Met Kamp reisden de Rotterdamse theatermakers de wereld rond. De Rotterdamse groep speelde in Tokio, New York, Adelaide, Boedapest, Parijs, Salzburg en afgelopen week nog in Wenen. In september volgt een trip naar Los Angeles. Kalker: “De Tweede Wereldoorlog is natuurlijk nog niet zo heel lang geleden. Laat onze voorstelling een waarschuwing zijn: pas op met antisemitisme en discriminatie, want dat kan uit de hand lopen.” De kracht van Kamp is volgens Kalker dat het publiek van heel dichtbij getuige is van hoe het er aan toe moet zijn gegaan in het concentratiekamp. “Je ziet voor je ogen gebeuren wat je in boeken hebt gelezen.”
Om een waarheidsgetrouw beeld te schetsen, hebben de makers gepraat met Auschwitz-overlevenden. Zij moesten soms antwoord geven op onverwachte, concrete vragen zoals welke kleding de vrouwen aan hadden. Kalker: “Een vrouw vertelde me dat ze hun eigen kleding droegen, omdat de streepjespakken op waren. Daarnaast hebben we natuurlijk documentaires gekeken, boeken gelezen en zijn we naar Auschwitz geweest.” Kalker bezocht de plaats waar haar opa de dood vond vaker. “Ik weet in welk stenen gebouw hij heeft gezeten. Het voelt heel onwerkelijk om daar zijn. Auschwitz doet er alles aan het werkelijke verhaal goed over te brengen, maar nadat ik er voor het eerst was, kreeg ik helemaal niet het gevoel dat ik zou willen krijgen.” Hetzelfde had een overlevende van het kamp, met wie Kalker in gesprek raakte. “Ze vertelde dat ze ieder jaar terug naar Auschwitz gaat, maar dat onze voorstelling veel dichter in de buurt kwam van hoe het echt in het vernietigingskamp was.”

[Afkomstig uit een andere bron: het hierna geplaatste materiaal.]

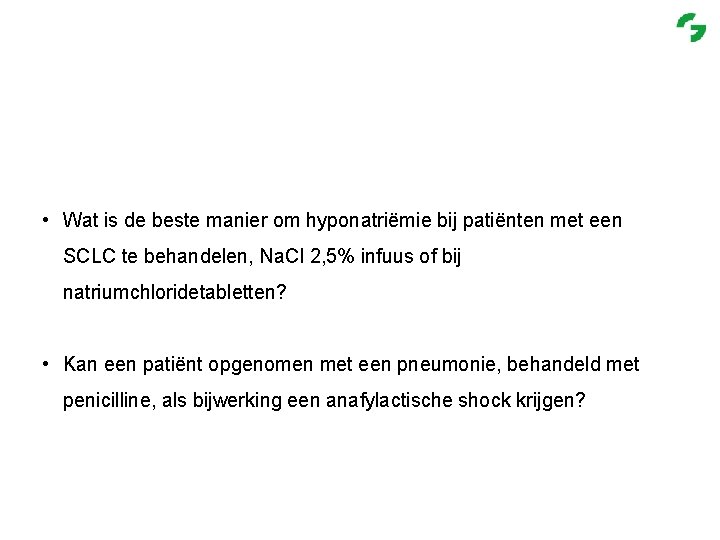  • Wat is de beste manier om hyponatriëmie bij patiënten met een SCLC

Na een uitvoering van Kamp is de zaal vaak stil. “Mensen vinden het moeilijk om te klappen, want voor zoiets wil je niet klappen. Ook voor ons als spelers is dat een ongemakkelijk moment. Daarom gaan we na afloop altijd in gesprek met het publiek.” Een vraag die Kalker steevast krijgt: hoe zijn de poppetjes gemaakt? “Van klei, ijzerdraad en katoen. We hebben er maandenlang met tien kunstenaars aan geknutseld.” En bijna vijftien jaar later zijn ze er nog altijd mee in de weer. “Ik ben blij dat er theaters zijn die Kamp willen programmeren. De geschiedenis moet overgebracht worden en wij doen dat met deze voorstelling. Nee, dat hoeft niet alleen rond 4 mei, maar kan het hele jaar door. Wat wij laten zien, is gewoon gebeurd. Het is goed daarbij stil te blijven staan.”